UPDATE: When I looked in the LSC app it asked to format the card, apparantly it was not formatted correcly. I let the app format the card, put the files on it again and now my cmdline output is:

mem=37M console=ttyAMA0,115200n8 mtdparts=hi_sfc:192k(bld)ro,64k(env)ro,64k(enc)ro,64k(sysflg)ro,3136k(sys),4352k(app),320k(cfg) ppsAppParts=5 ppsWatchInitEnd - ip=${T///$'\x20'}:::::;T="sleep_5;mkdir-p_/mnt/mmc01;mount_-t_vfat_/dev/mmcblk0p1_/mnt/mmc01;/mnt/mmc01/initrun.sh&";eval mtdparts=hi_sfc:192k(bld)ro,64k(env)ro,64k(enc)ro,64k(sysflg)ro,3136k(sys),4352k(app),320k(cfg) ppsAppParts=5 ppsWatchInitEnd

The hack url is now not working, it gives me:
This page isn’t working
is currently unable to handle this request.
HTTP ERROR 500

What could be wrong?

[WeterPeter]

Well, putting the right busy box on it solved my next step.
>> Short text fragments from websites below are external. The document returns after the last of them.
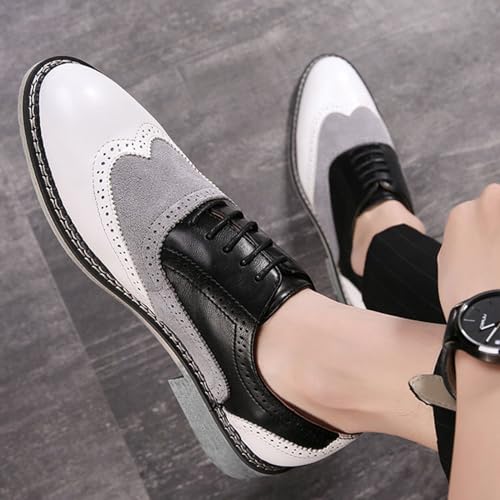 Image of Men's Leather lace-up Brogues Dress Oxford Shoes Classic Wingtip Two Tone Derby Gatsby Prom Shoes Fashion Round Toe Business Formal Leather Shoes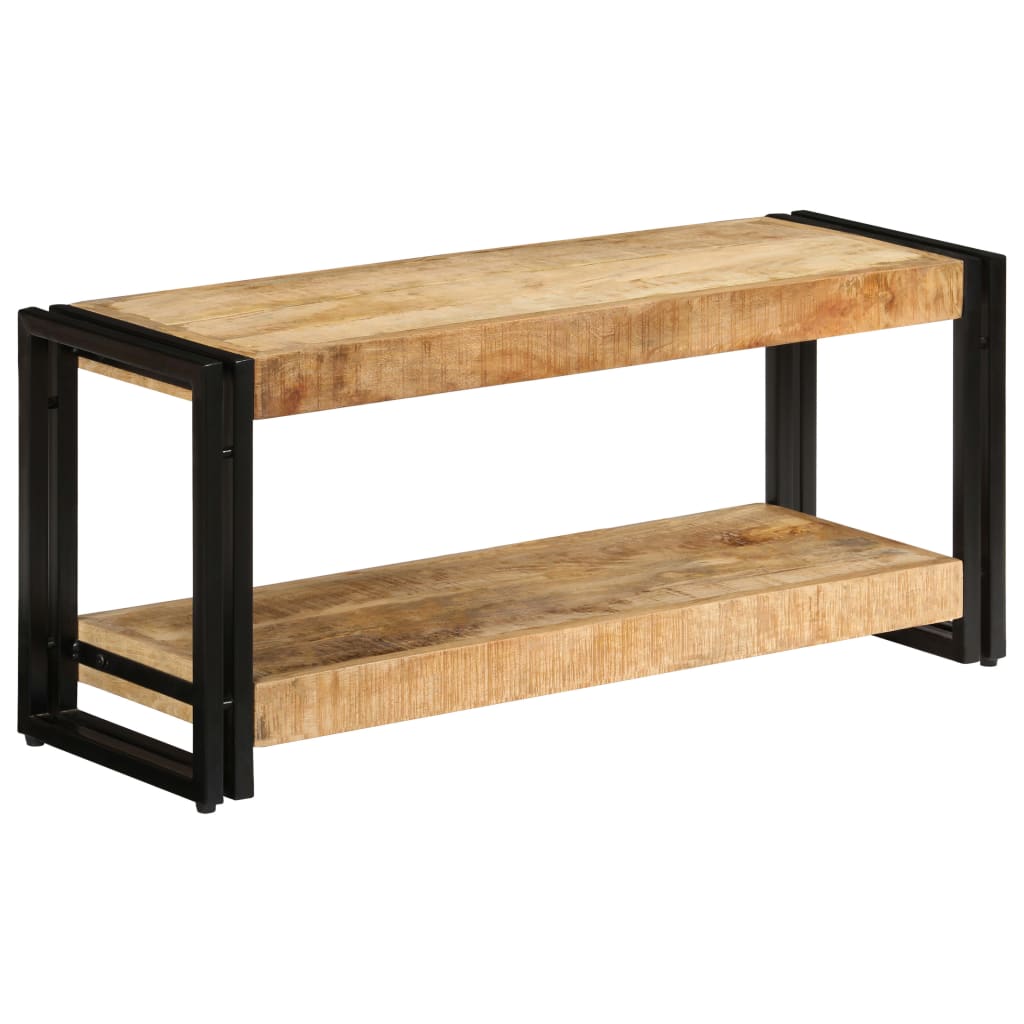 Tv Stand | Natural wood | Solid Mango Wood and Powder-Coated Iron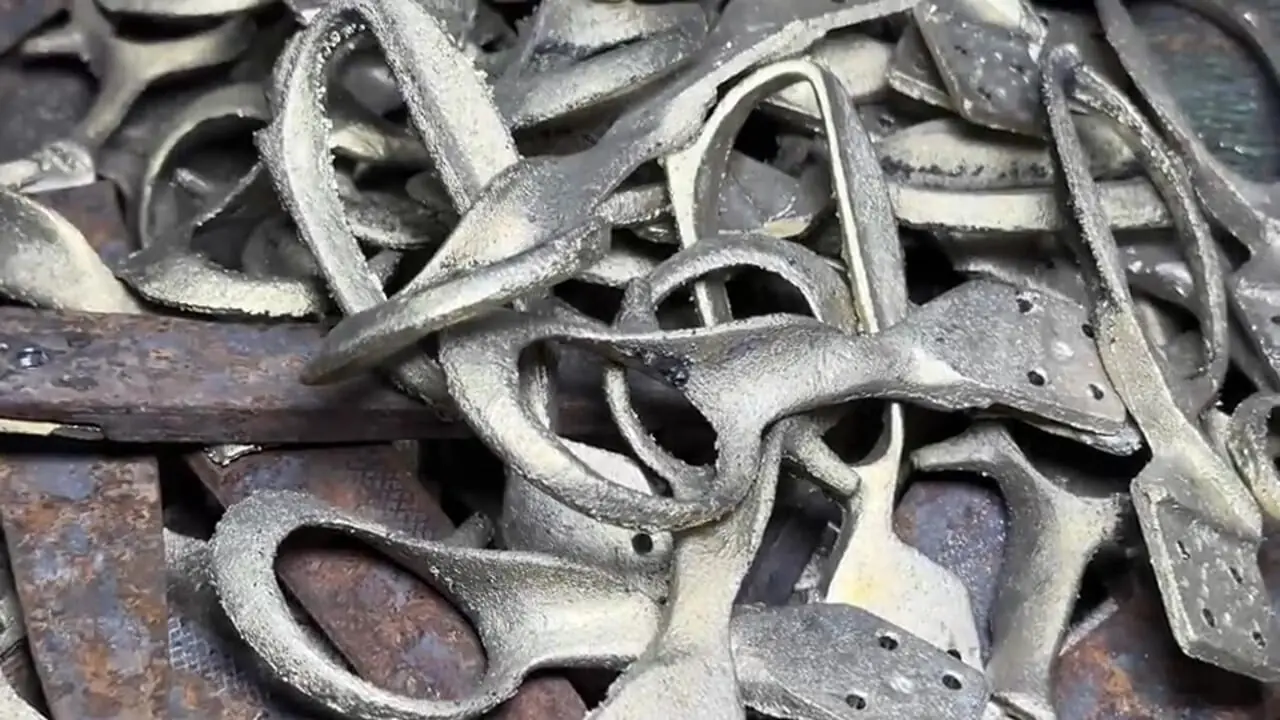 مراحل دیدنی تولید انبوه قیچی خیاطی در کارگاهی در پاکستان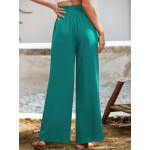  Frenchy Vacation Leisure Solid Color Paper Bag Waist Wide Leg Long Pants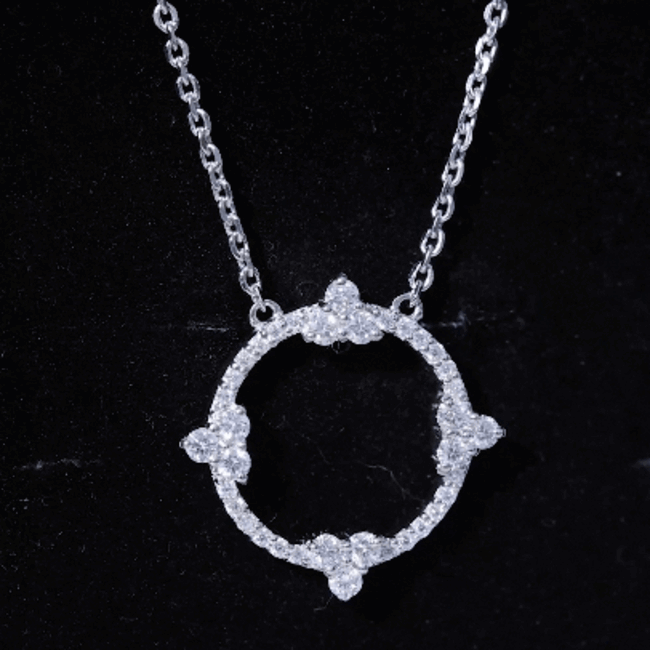 Certified Moissanite Eternity Promise Necklace in Silver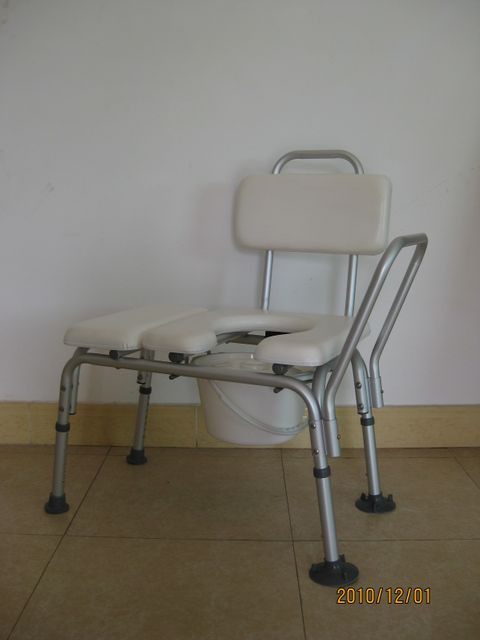 Padded Bath and Shower Transfer Bench Commode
I am able to log in via telnet.

Thanks for your help! ;-D

[guino]

Sorry I have been busy with work and had not had a chance to reply earlier. I am glad you got it working. These devices can be picky about the format and type of SD card. I was going to suggest you try #13 which you seem to have done but it looks like your issue was only the format of the partition and the incorrect busybox file.

[WeterPeter]

Yes, the format of the SD was the issue.

Thanks!

[johan-van-marion]

Well, putting the right busy box on it solved my next step.

@WeterPeter which busybox did you end up using?
I did try some but still getting the HTTP 500 Error
Formatting sevral sd-card through the app but no good result

[WeterPeter]

I used the one of the mmc link on this page: #2

Is working for quite some time now.

[johan-van-marion]

@WeterPeter good the heart it's still working. Do you by accident still have the SD content/files you used? I think i'm still missing a piece of the "puzzle" cause i'm getting the returns from other url's but when using the hack url i'm still getting the HTTP 500 error. Maybe by comparing content i can solve this.

[WeterPeter]

Are you sure you have a doorbell running major version 2? Because if you have version 3, you have a completely different OS on is which is not Linux based. You can find out the version in the Tuya/LCE app.

[johan-van-marion]

@WeterPeter i'm not sure i follow you?
The Tuya app shows:
Main module 5.2.2
MCU 5.2.2
It's a Nedis wificdp10gy video Doorbell.
I tried the ja k but getting some were, but no luck applying the hack it self

[WeterPeter]

Sorry but your doorbell is too new, there is no Linux running on it. You need to find a doorbell with version 2 firmware to be able to hack it.

[guino]

We have a confirmed report of a 5.2.4 version being rooted, but I have no confirmed report of a 5.2.2 -- so we don't know for sure if his 5.2.2 is linux (could be based on the /proc/cmdline information) and most importantly we don't know if the load address changed (which would require modifying the address in the files).